Subventions et des contributions :
Subvention ou bourse octroyée s'appliquant à plus d'un exercice financier. (2017-2018 à 2022-2023)
Climate warming in the Arctic is outpacing the rest of the planet, and the profound environmental change underway will amplify warming trends with global impacts. Understanding Arctic climate and landscape evolution is critical so that future changes can be predicted and used to guide sound policy decisions for northern communities and natural resources.
The climate history of the Canadian Arctic is not well understood. Past climate data offer valuable insights on climate dynamics, but Arctic historical records are sparse and short. Lakes are abundant in northern landscapes and their sediments are sensitive archives of past environmental changes that provide compelling evidence for what a future, warmer world might look.
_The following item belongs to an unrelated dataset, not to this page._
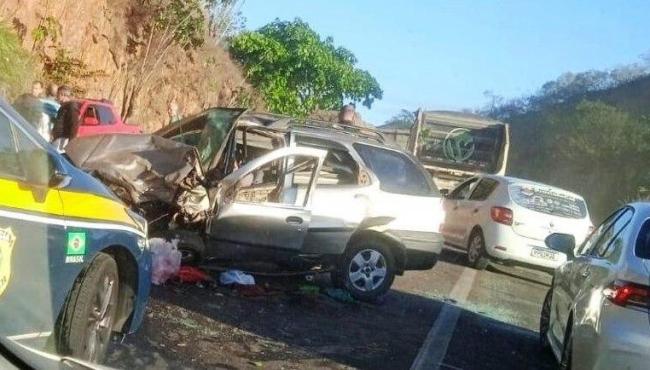 Acidente entre caminhonete e carro na BR-259, em João Neiva, ES, deixa um morto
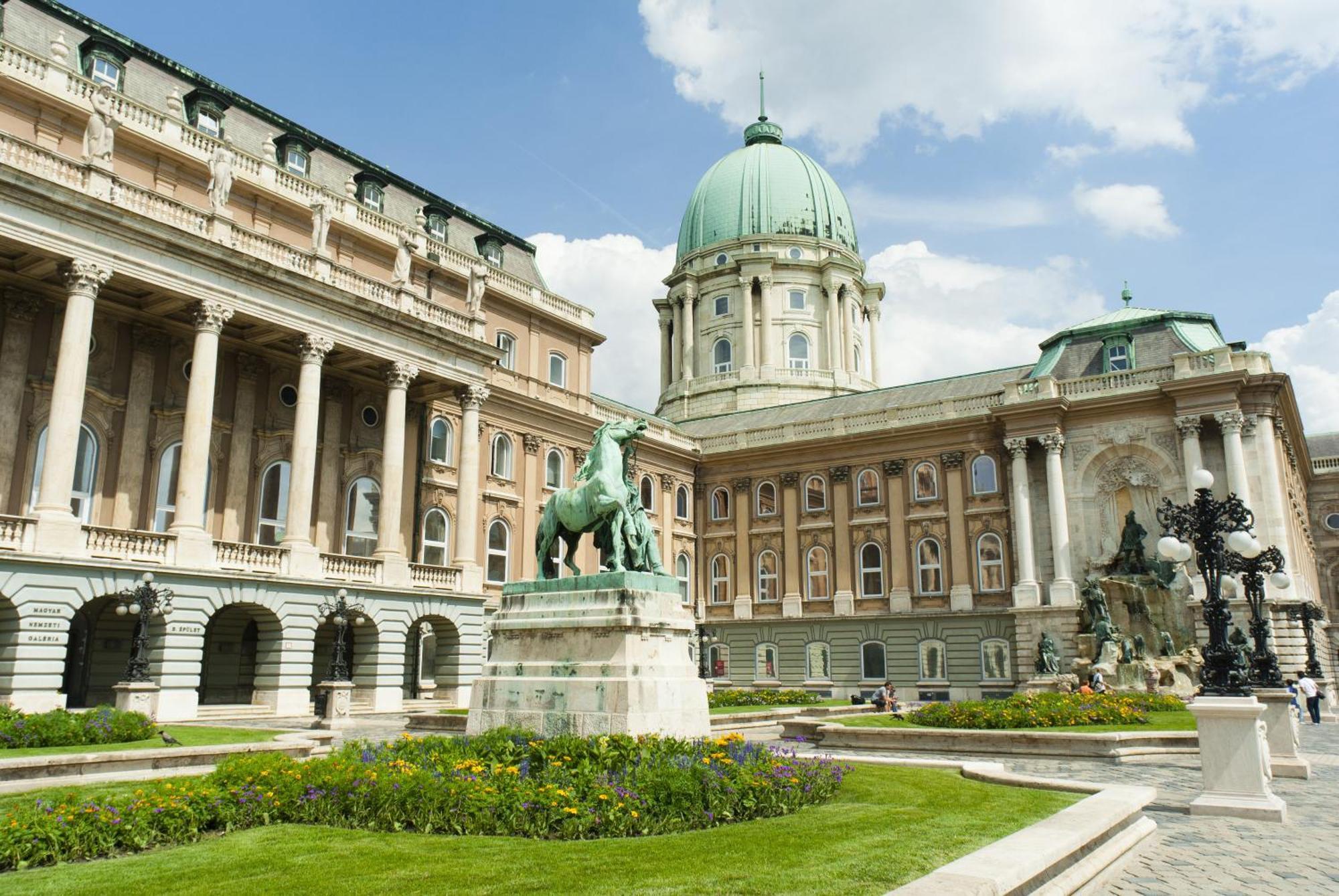Verno House Budapest, Vignette Collection By Ihg Zewnętrze zdjęcie The Royal Naval College, where the school was based from 1956 to 2005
The proposed research program will apply a rigorous paleolimnological approach to place instrumental records into a long-term perspective and fill long-standing knowledge gaps on climate and environmental change in one of the most inaccessible regions of Canada’s North. Using multiple proxies for reconstructions of past temperature and other environmental variables, my research team will study biostratigraphic and geochemical records preserved in the sediments of Nettilling Lake, the largest freshwater watershed in the Arctic Archipelago, as well as in lakes of the surrounding Foxe Basin. The paleoclimate proxy data generated will be synthesized to allow regional comparisons with ice core data from Baffin Island and Greenland and with regional paleoceanographic data. Surficial landforms will be mapped and dated using radiocarbon and exposure techniques to determine the position and timing of glacier retreat and past sea/lake level changes. Multi-sensor core loggers will provide high resolution analyses of sediment geochemistry and magnetic susceptibility, with core chronology established using radiometric and paleomagnetic dating.
We will test d18O of various siliceous microfossils as a new proxy for tracking past changes in temperature, salinity, currents and thermal structure to elucidate paleohydrological gateways and connections during the early history of the Nettilling Lake basin. We aim to provide new insights into how these proxy-based signals are controlled by atmospheric circulation modes associated with past climate changes, with implications for modelling ecosystems under future climate scenarios.
The proposed research will assess critical thresholds intrinsic to the Arctic climate system and address fundamental questions about Holocene climate variability and sensitivity, as well as postglacial glacio-isostatic dynamics. These insights will greatly improve our ability to anticipate future changes and impacts on northern communities and infrastructure. The historical baseline conditions established through this research will help develop policies for adaptation to a rapidly changing climate and modernization of Canada's North.